KANSAS CITY, Mo. – The Twins botched their many chances, wasted a great pitching performance and blew a tantalizing chance to tighten the American League Central race. Yeah, that’s one way to look at Sunday’s frustrating 3-2 loss to the Kansas City Royals.
But here’s another: Over the weekend, the Twins added the formidable bat of Miguel Sano and the nasty arm of Ervin Santana to a roster that already was hanging on, however tenuously, to a playoff spot. And that talented pair, a midseason infusion of talent without giving anything up, looks like their ready to help win a few more of the remaining 80 games.
“A lot of things to be really encouraged about,” manager Paul Molitor said after Santana pitched like the $55 million man the Twins hoped he was. “… You hope that your boys take positive signs out of these games — which are, head-to-head, [that] they held their own. Could have won all four.”
Maybe should have, considering they split with Kansas City despite going 6-for-34 with runners in scoring position this weekend, and 1-for-9 on both Saturday and Sunday. “Look at the scoreboard — what’d they have, four hits?” Brian Dozier said. “We outhit them [and] we outpitched them.”
They did, at least until Lorenzo Cain made the Twins pay for wasting all those chances, and for pulling Santana after eight innings. Cain, walked by Blaine Boyer, scored the winning run from first base on a bottom-of-the-ninth double that Eric Hosmer, facing Aaron Thompson, rocketed into the right-field corner.

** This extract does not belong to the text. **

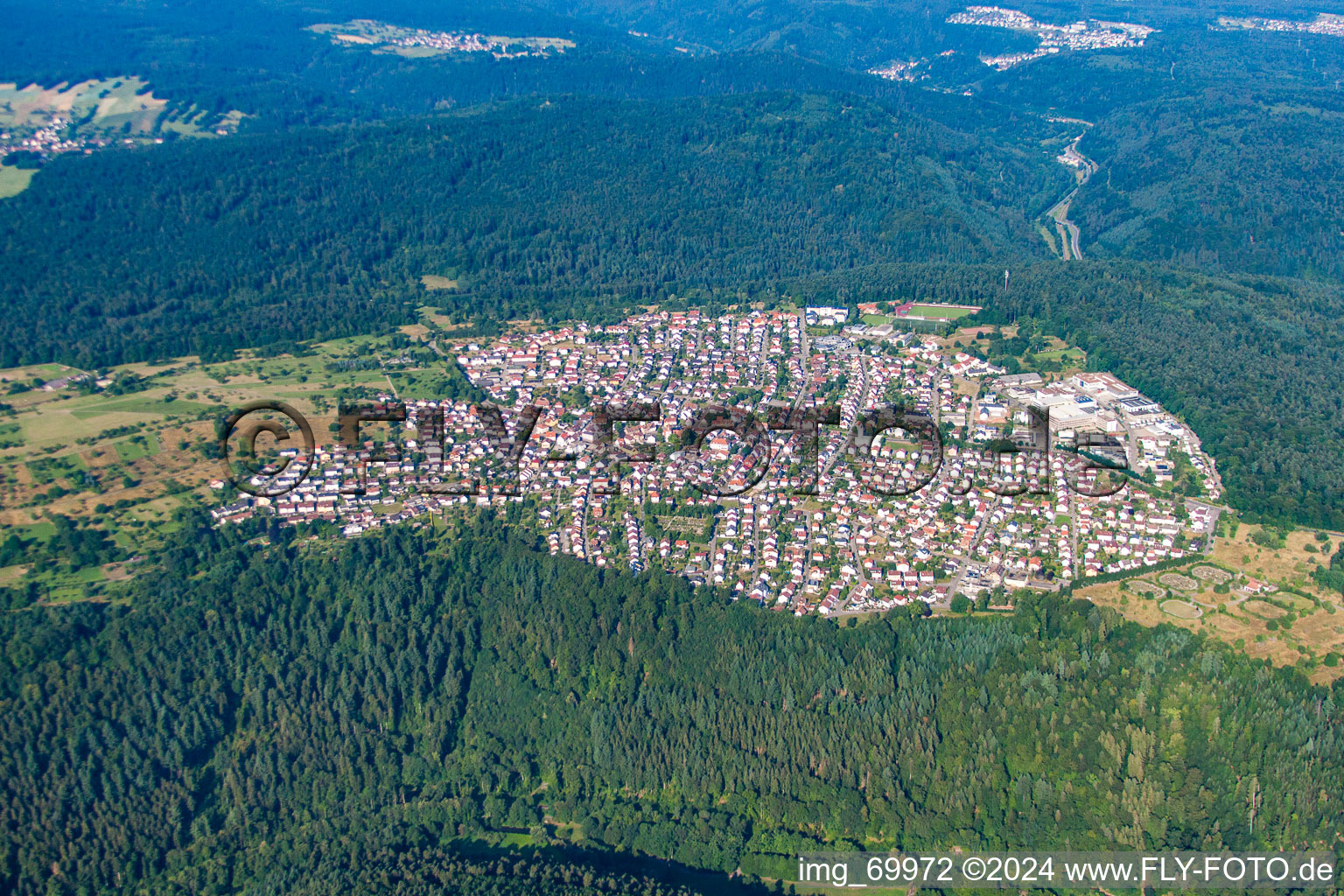 Aerial view of Town View of the streets and houses of the residential areas in the district Buechenbronn in Pforzheim in the state Baden-Wurttemberg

But the clubhouse feeling after watching Santana allow only three hits over eight innings, after observing Sano clobber an RBI double off the center-field wall, work a 2-2 count until he drew a walk, and lace a single off Royals closer Greg Holland, was a mixture of short-term frustration and long-term optimism.
“Beast,” summed up Torii Hunter about the 22-year-old DH, who has delighted Molitor with his heady approach to hitting. And how about the 32-year-old Santana, Torii? “Magic.”
Well, maybe the magic elixir of rested legs and an arm that doesn’t have a half-season of wear on it. But even with three months of anticipation built up, Santana exceeded expectations in his Twins debut.
The veteran righthander, exiled by an 80-game steroids suspension before he could provide any return on his free-agent contract, gave the Twins exactly what they paid for Sunday, giving up only three hits over eight innings. Even the hits weren’t exactly scalded: a ground ball that sneaked between infielders up the middle, a high fly that curled around the foul pole and landed in the front row and an infield single.
“Every guy who got to second, I wanted to see what they said — how he looked. Everybody said, ‘[he] picked up right where he left off. Still nasty,’ ” Dozier said. “I thought he got stronger. I mean, 95-96 [miles per hour] in the eighth inning [is] pretty impressive.”
Or maybe it’s just routine for Santana; certainly that was the what-me-worry vibe he had during the game — he even stuck his tongue out at Hosmer at one point, daring him to try to steal third base — and afterward, too.
“It was good. Everything was good,” Santana said. “One mistake, but I kept the ball down for the most part.”
Well, maybe two mistakes: an 0-2 fastball that former Twins catcher Drew Butera grounded into center field to score a run, and a 1-1 fastball that Gordon popped into the seats. Other than that, though, Santana was efficient and occasionally ruthless with a diving slider.
Sano figures to see a few more of those as word gets around, but for now, he’s quickly become a run-producer in the middle of the lineup. Facing lefty Danny Duffy, Sano batted fifth for the first time, a move that immediately paid off when he hammered a double over Cain’s head in center field.
“It was solid. That’s two times now with men on second base and no outs where he’s really stayed inside a pitch. They’re trying to get him to roll it over, and he stays inside and hits it off the wall in center field,” Molitor said. “He’s just really coming along very well, four games in.”
Two big additions. They might be more important than two tough losses this weekend.